Le maire d'Ottawa, Larry O'Brien, a convoqué d'urgence une réunion extraordinaire du conseil municipal, à 9 h ce matin, pour discuter de l'entente à l'amiable que cherche à conclure la Ville avec le requérant. « Nous espérons que tout cela sera derrière nous et que nous allons être libérés de cette pression que cela exerce sur la Ville », a déclaré le maire aux médias, hier.
La rencontre d'aujourd'hui survient après que le conseil s'est réuni à huis clos pendant six heures, mercredi, pour discuter de l'offre de Siemens et de Ciment St-Laurent qui cherchent à obtenir la somme compensatoire de 36,7 millions $ de la municipalité.
Les négociations se sont poursuivies entre les avocats de la Ville et de la partie adverse, hier, pour discuter des détails de l'entente. Les élus recevront aujourd'hui une mise à jour, ce qui ouvre la voie à un règlement, à défaut de quoi, l'affaire connaîtra un dénouement en cour.
Hier, le maire a défendu l'entente à l'amiable que la Ville s'apprête à conclure, estimant qu'elle est le prix à payer pour avoir évité d'aller de l'avant avec un projet de train léger « amplement défectueux ».

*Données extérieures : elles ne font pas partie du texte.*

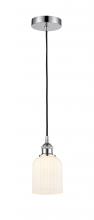 Innovations Lighting 616-1P-PC-G559-5GWH - Bridal Veil - 1 Light - 5 inch - Polished Chrome - Cord hung - Mini Pendant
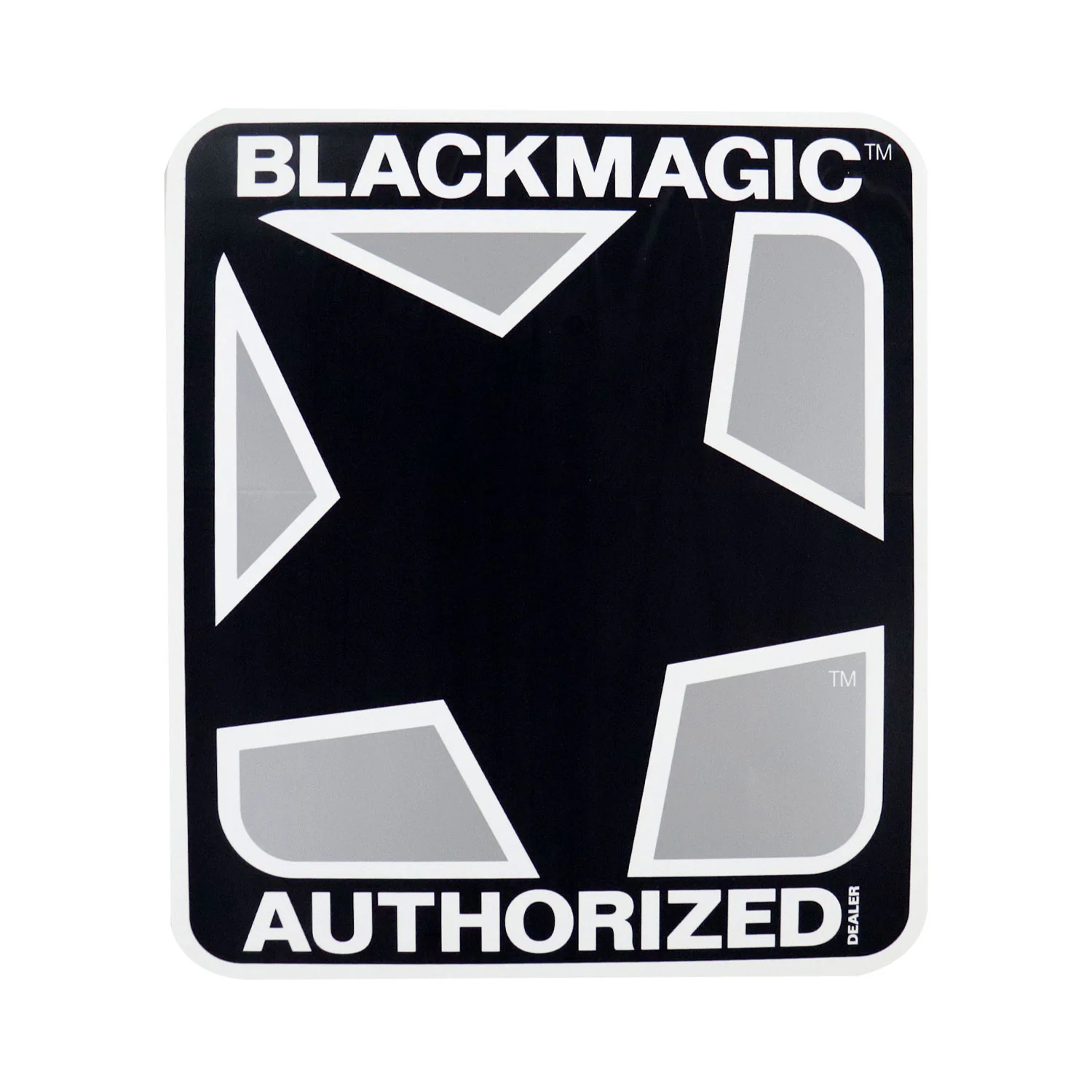 Black Magic Sticker Star Black 6.75" x 7.5"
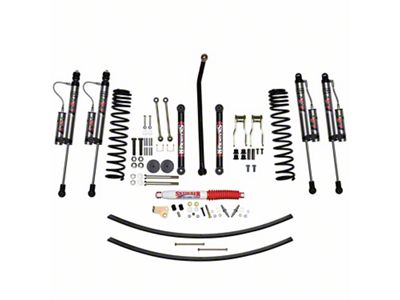 SkyJacker 4.50-Inch Dual Rate Long Travel Suspension Lift with ADX 2.0 Remote Reservoir Shocks (84-01 Jeep Cherokee XJ)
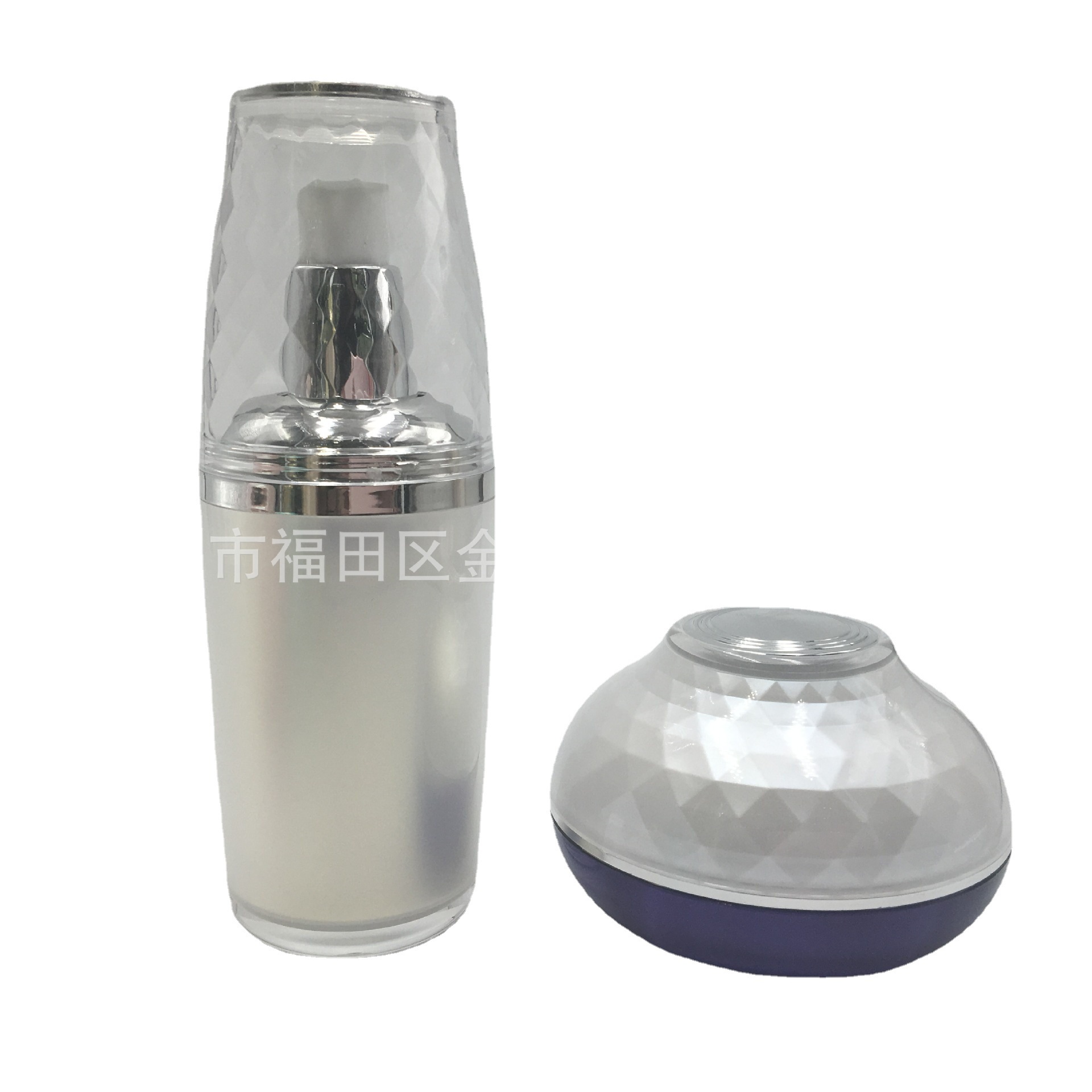 碗形瓶水乳精华液套装瓶120g膏霜瓶泥膜包材分装瓶亚克力高档护肤
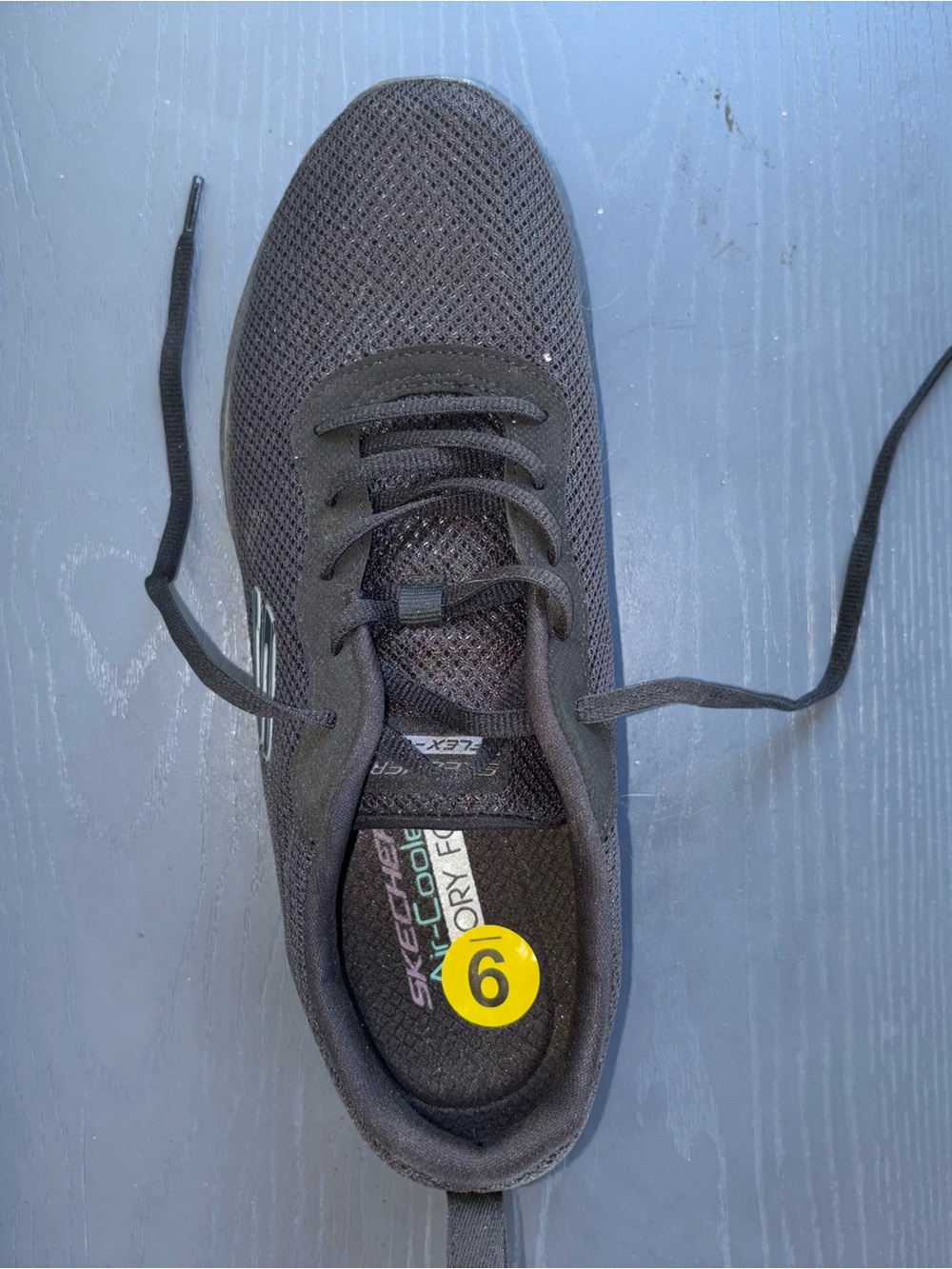 Skechers Black Breathable Mesh Athletic Sneaker - Single Left Shoe NWOT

Le maire soutient qu'il est préférable pour la Ville et les résidants de débourser 36,7 millions $ pour mettre fin à la poursuite intentée par le consortium, après que le conseil eut annulé en décembre 2006 le projet de train nord-sud d'un milliard de dollars approuvé par le conseil précédent. « C'est très important (cette entente), dans le contexte où nous avions pris la décision politique de ne pas aller de l'avant avec un projet de train léger amplement défectueux, pour nous tourner vers un plan acceptable pour les citoyens d'Ottawa », indique M. O'Brien.
M. O'Brien ajoute que les dernières élections municipales étaient en réalité un « référendum » sur le projet de train léger. « Les citoyens n'étaient pas contents du projet, alors nous avons appuyé sur le bouton nous permettant de revenir à la case départ », dit-il.
Selon le maire, l'ancien projet aurait coûté aux contribuables 500 millions $ de plus que ce qui était prévu. Le consortium a intenté une poursuite de 217 millions $ contre la Ville pour bris de contrat il y a plus de deux ans.